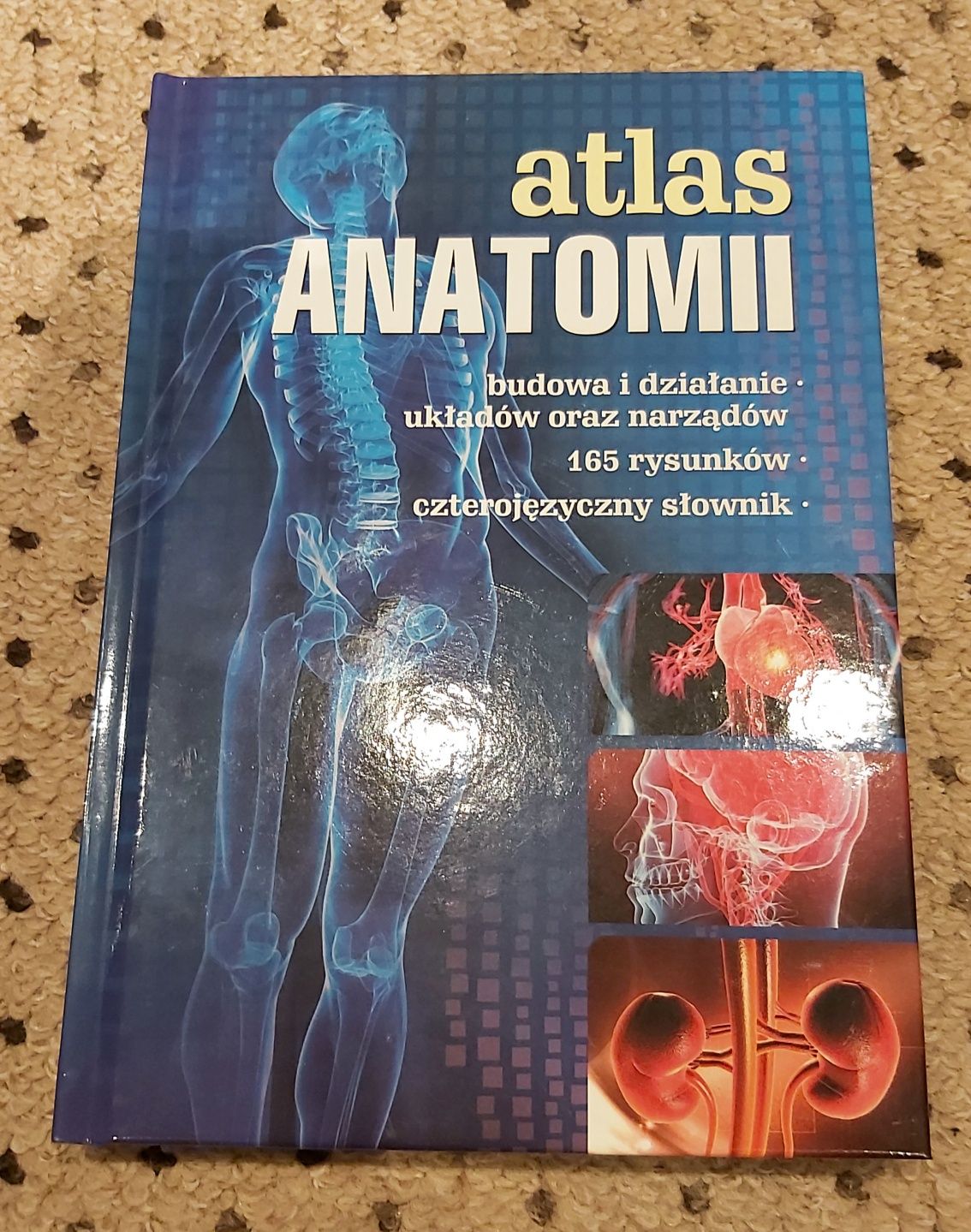 Atlas Anatomii - 165 rysunków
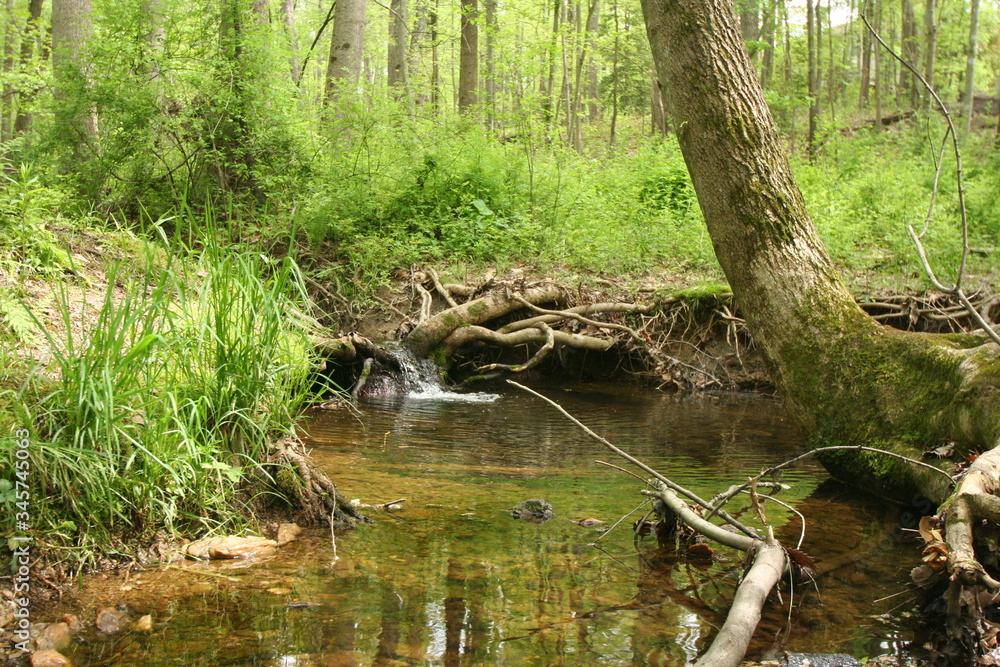 Little Waterfall With Leaning Tree in the Forest. Little Waterfall With Leaning Tree in the Forest.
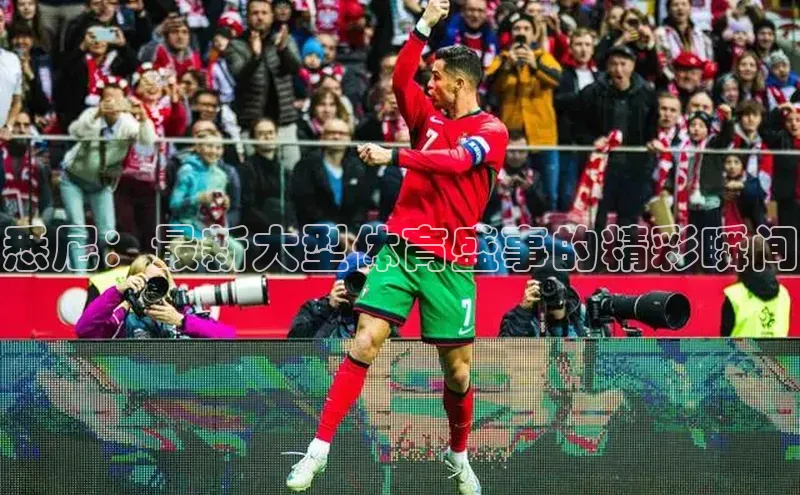 欧陆娱乐app下载安装百度翻译App悉尼：最新大型体育盛事的精彩瞬间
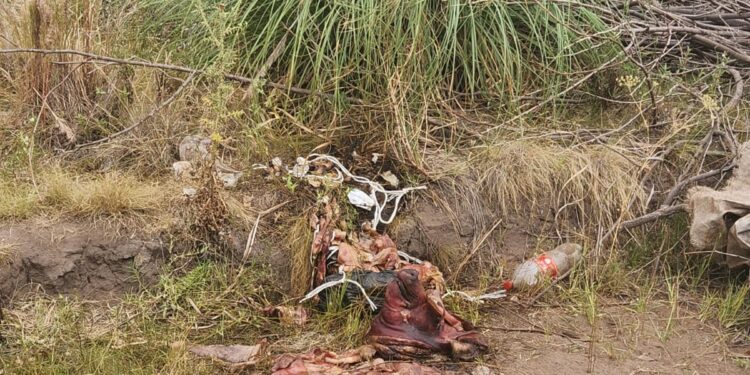 ALERTAN SOBRE RESIDUOS DE MATANZAS DE ANIMALES EN LA CIUDAD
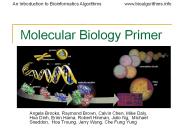 Molecular%20Biology%20Primer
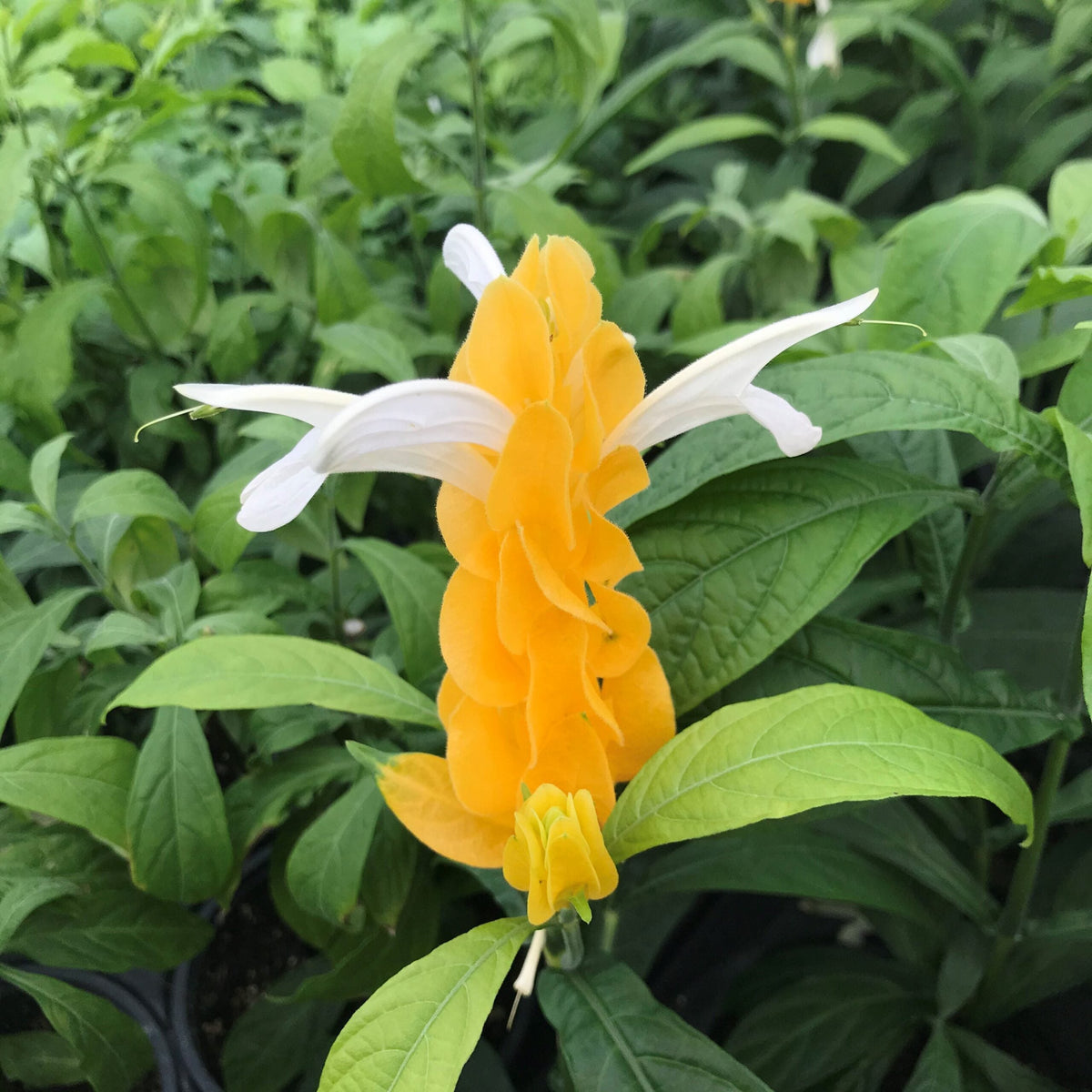 Light Yellow Pachystachys Flower seeds blooming in flower beds, containers, borders, and pollinator-friendly gardens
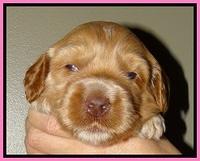 RR pups 2. 8 wks old151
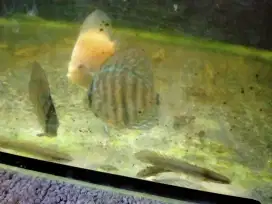 Ikan discus mix jenis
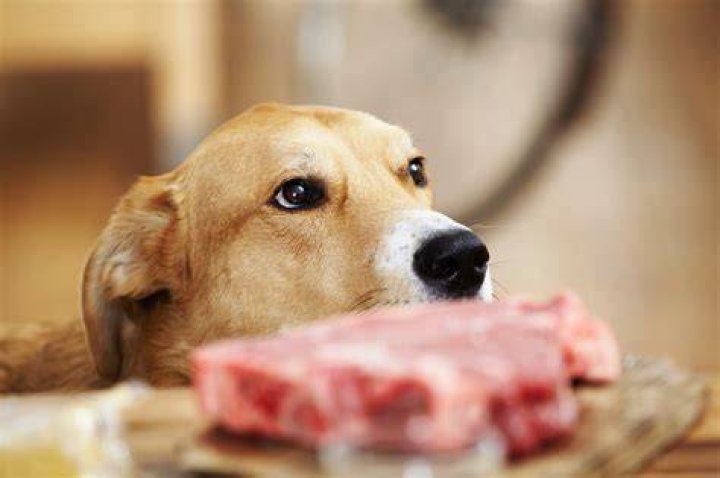 Can a dog eat a leech?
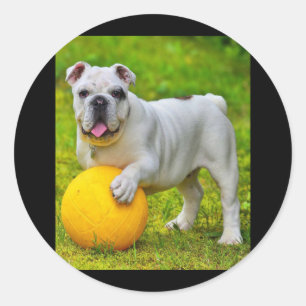 Schattige Engels Bulldog Basketbal Bulldog Lover G Ronde Sticker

# [Your goal]
Give again, word for word, the line containing "ALERTAN SOBRE RESIDUOS" and every line after it to the end of the records; leave out the pictures.

# [Exercise answer]
 ALERTAN SOBRE RESIDUOS DE MATANZAS DE ANIMALES EN LA CIUDAD
 Molecular%20Biology%20Primer
 Light Yellow Pachystachys Flower seeds blooming in flower beds, containers, borders, and pollinator-friendly gardens
 RR pups 2. 8 wks old151
 Ikan discus mix jenis
 Can a dog eat a leech?
 Schattige Engels Bulldog Basketbal Bulldog Lover G Ronde Sticker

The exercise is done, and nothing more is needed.